Pelecanus schreiberi Temporal range: Early Pliocene

Scientific classification
- Domain: Eukaryota
- Kingdom: Animalia
- Phylum: Chordata
- Class: Aves
- Order: Pelecaniformes
- Family: Pelecanidae
- Genus: Pelecanus
- Species: P. schreiberi
- Binomial name: Pelecanus schreiberi Olson, 1999

= Pelecanus schreiberi =

- Genus: Pelecanus
- Species: schreiberi
- Authority: Olson, 1999

Extinct species of bird

Pelecanus schreiberi is a fossil pelican described by Storrs Olson from Early Pliocene (5.3 to 3.6 million year old) deposits in the Yorktown Formation of North Carolina. It was a large species with distinctive features suggesting that it represents an extinct lineage with no living descendants. The specific epithet commemorates Ralph W. Schreiber (1942–1988), a former curator of birds at the Natural History Museum of Los Angeles County and an authority on pelicans.

Collected in 1972 by one Gerard R. Case from a mine on the southern side of the Pamlico River near Aurora, North Carolina, the holotype is a right lower third of a femur of an egg-laying female. The denseness of the medullary bone indicated this last fact as it is a feature of living egg-laying female pelicans. The features of the femur allowed it to be classified as a pelican, but quite different from living species. Some foot bones (phalanges) have also been found. An incomplete quadrate bone and axis vertebra without a spine from a mine of the same age in Polk County in central Florida are tentatively considered to be the same species. These remains are from the Bone Valley Formation, of nearly the same age as the Yorktown Formation.

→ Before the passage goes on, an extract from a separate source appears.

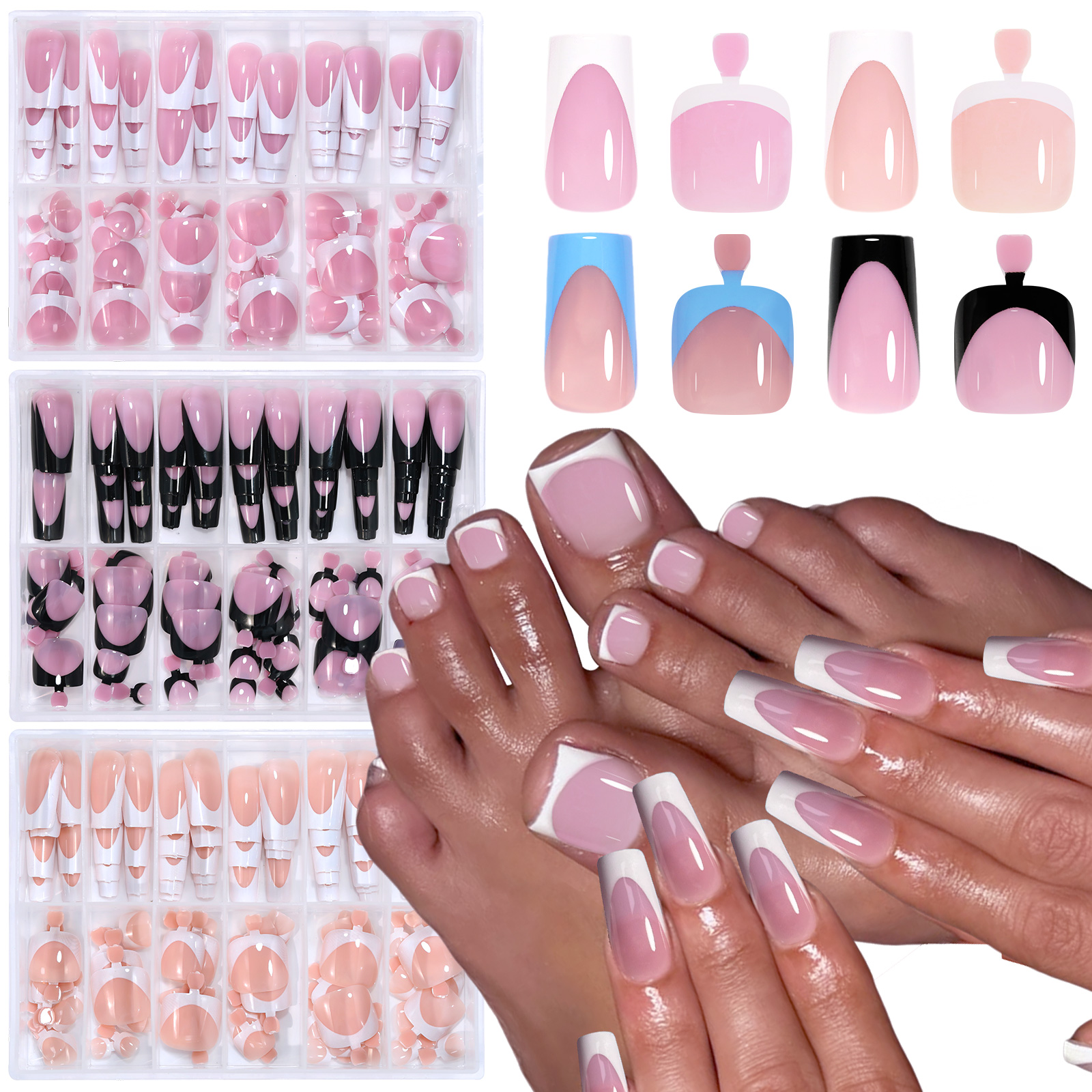 AliExpress French Black and Pink Press-On Nails (144-Piece), view 2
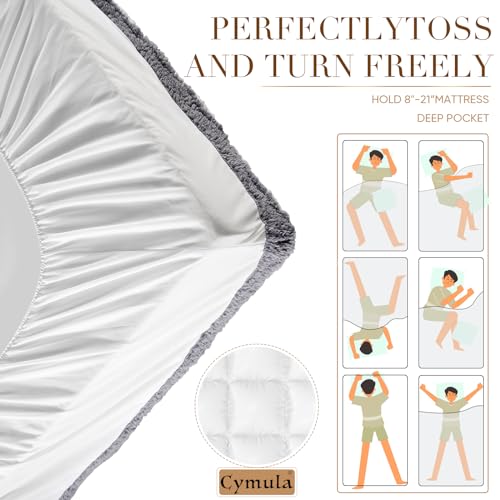 King Mattress Topper, Cymula Extra Thick Sherpa Mattress Pad with 900GSM Down for Back Pain Bed, Soft Plush Mattress Cover Fluffy Pillow Top with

The female is around the same size as the largest individual great white pelicans (Pelecanus onocrotalus) or Dalmatian pelicans (P. crispus), so a male could have been even larger – possibly the largest living or fossil pelican recorded, rivalled only by subfossil remains of a New Zealand pelican that has been described as a subspecies of the Australian pelican (P. conspicillatus) and a mysterious late Miocene species Pelecanus odessanus from Ukraine.